This is one of the city’s most storied and architecturally impressive houses. It is one of a remarkable number of large houses financed through maritime activity, when Providence was an important port in the late 18th and early 19th centuries, the rest of them located down the west slope of College Hill on or near Benefit Street. Halsey (1751-1838) had amassed a significant fortune by 1800 when he built this house, which originally was brick only on its north and south ends. The brick front wall features deep semi-elliptical bows flanking the Doric 1-story entrance porch; bowed walls were commonly used in England by the Brothers Adam and in Boston by Charles Bulfinch but were rare in Providence. The bowed walls correspond to bows in the front parlors of the house, which has a high level of interior finish appropriate to a house of this scale and importance.
The house entered local legend at the end of the 19th century. Halsey’s son, Col. Thomas Lloyd Halsey (1776-1855) traveled for business to South America, where the lifelong bachelor fathered a daughter whose son later laid claim to his grandfather’s estate in a court suit that set Providence tongues wagging. Whether for the wealth of its first occupant or the salaciousness of its later history, the house aroused the interest of Providence author H.P. Lovecraft, who made it the home of the protagonist of his novella “The Case of Charles Dexter Ward.”
— 2006 Festival of Historic Houses Guidebook
A swaggering Federal house with a history to match. Bow fronts are typically found in Federal houses, especially in Boston and Philadelphia, but they are rarity here. The curving bays flanking the center entrance topped by a Palladian window are almost too expansive and seem to squeeze what would otherwise be an ample entrance. The house originally had a wood front, so what we see is a later remodeling, but probably still within the Federal era. Thomas Lloyd Halsey (1751-1838), a successful China Trader, built this probably at the height of his career. His son, Col Thomas Lloyd Halsey (1776-1855), may have added the bays when he assumed ownership of the house.
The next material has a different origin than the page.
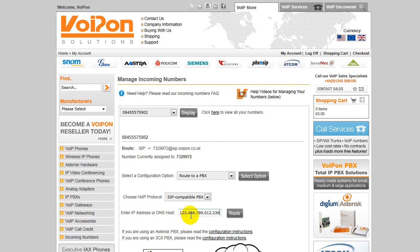For further instructions on how to route your number to a PBX, please visit our support section which will detail further options. Please ensure that your PBX is correctly configured and all the necessary ports are forwarded in your router's software to avoid any disruption to your services.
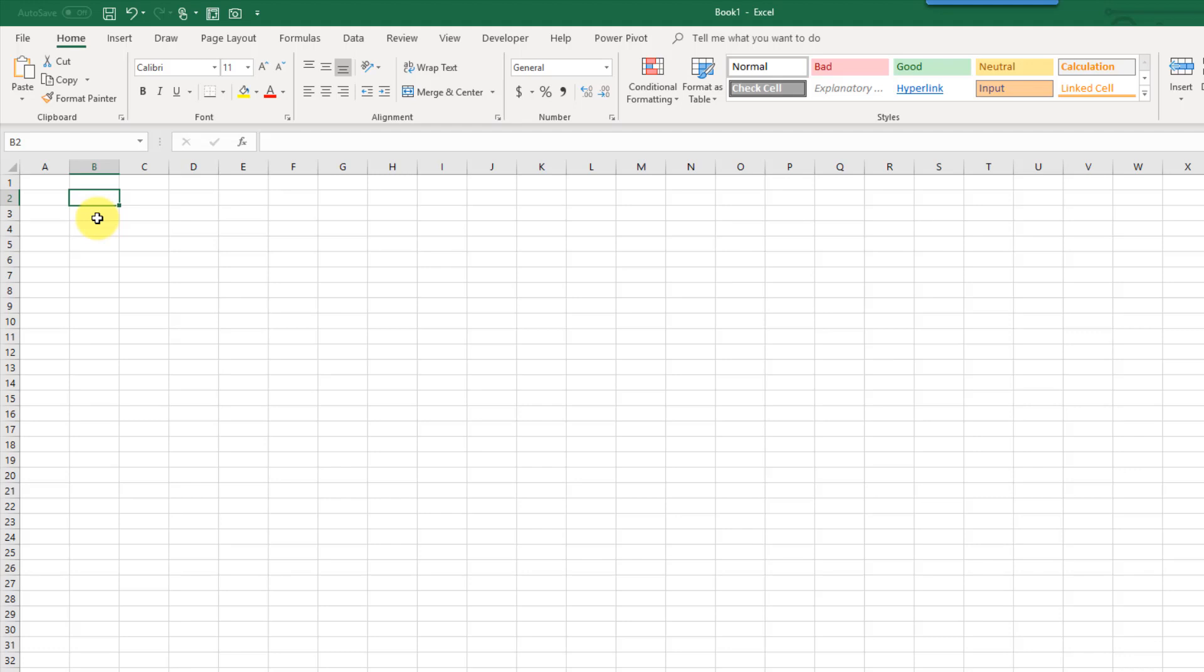Hey everyone, this is John here and in this video we're going to take a look at the easy way to add a data entry form into Excel.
The younger Halsey’s business travels took him to South America, where the lifelong bachelor fathered a daughter whose son later laid claim to his grandfather’s estate in a court suit that set Providence tongues wagging. In the twentieth century, this house was a key plot element in H.P Lovecraft’s novella “The Case of Charles Dexter Ward.” Lovecraft himself lived for a time nearby on Barnes Street.